>>

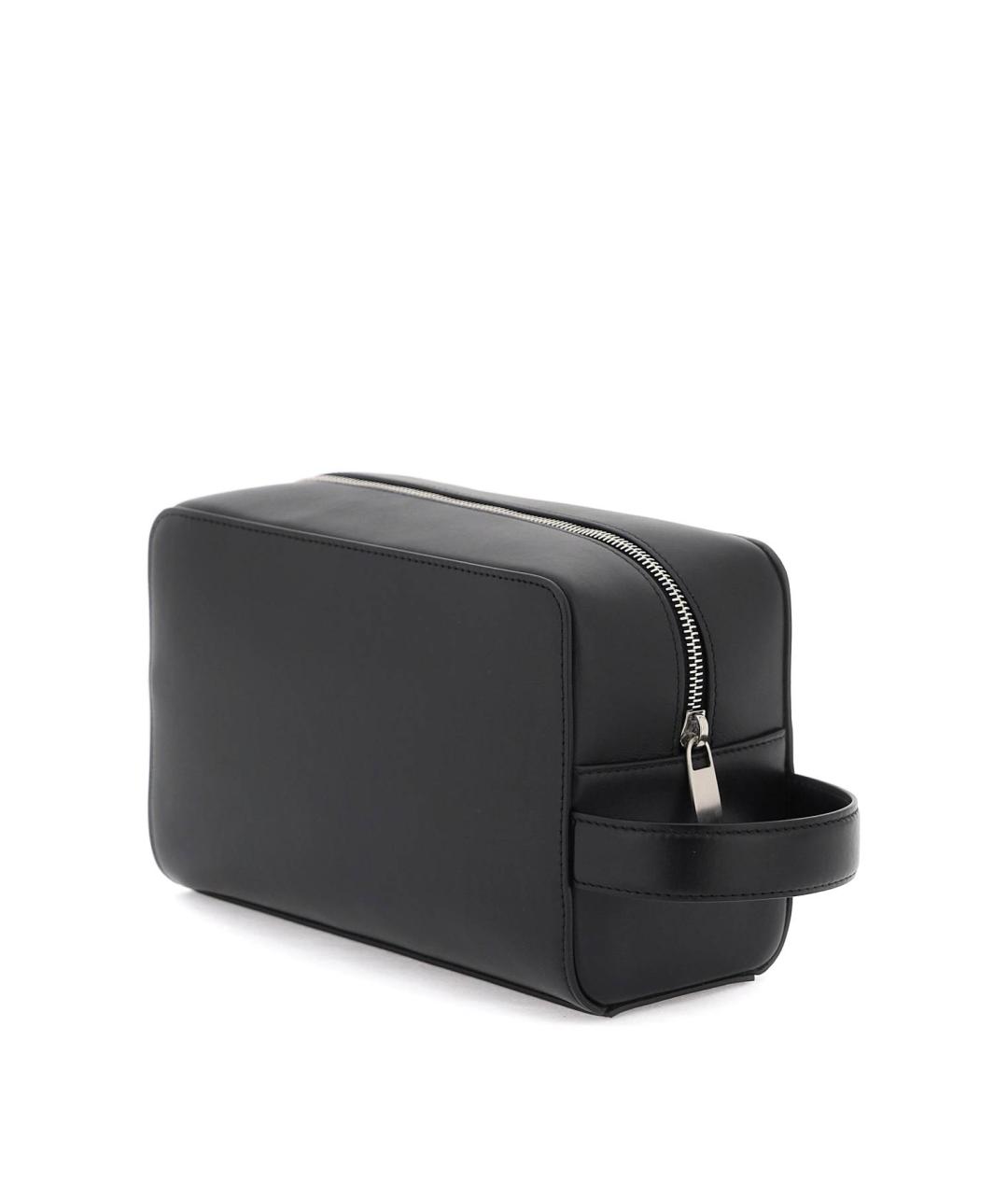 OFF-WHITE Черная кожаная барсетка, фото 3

<<
>>

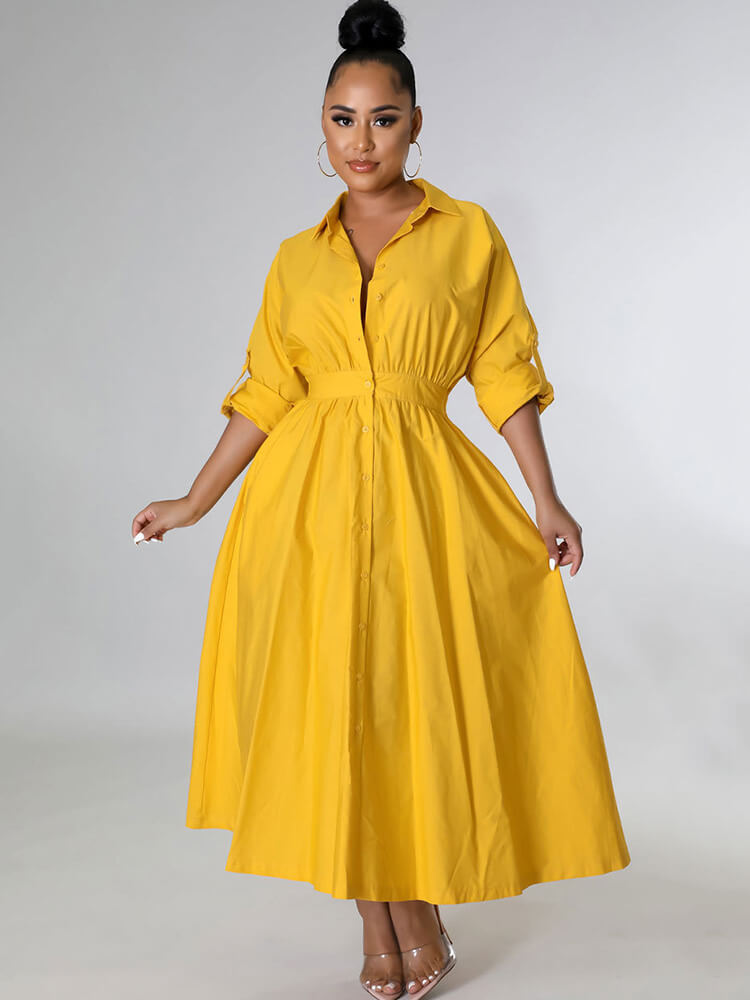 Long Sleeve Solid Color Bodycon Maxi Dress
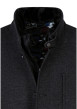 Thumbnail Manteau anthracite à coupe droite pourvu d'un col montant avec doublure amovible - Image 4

<<

GOAL OF THE EXERCISE → Copy the listing above exactly, but only from the line with "Long Sleeve Solid Color Bodycon Maxi Dress" through the line with "Thumbnail Manteau anthracite", including those two lines and excluding any picture.

ANSWER SPACE →
 Long Sleeve Solid Color Bodycon Maxi Dress
 Thumbnail Manteau anthracite à coupe droite pourvu d'un col montant avec doublure amovible - Image 4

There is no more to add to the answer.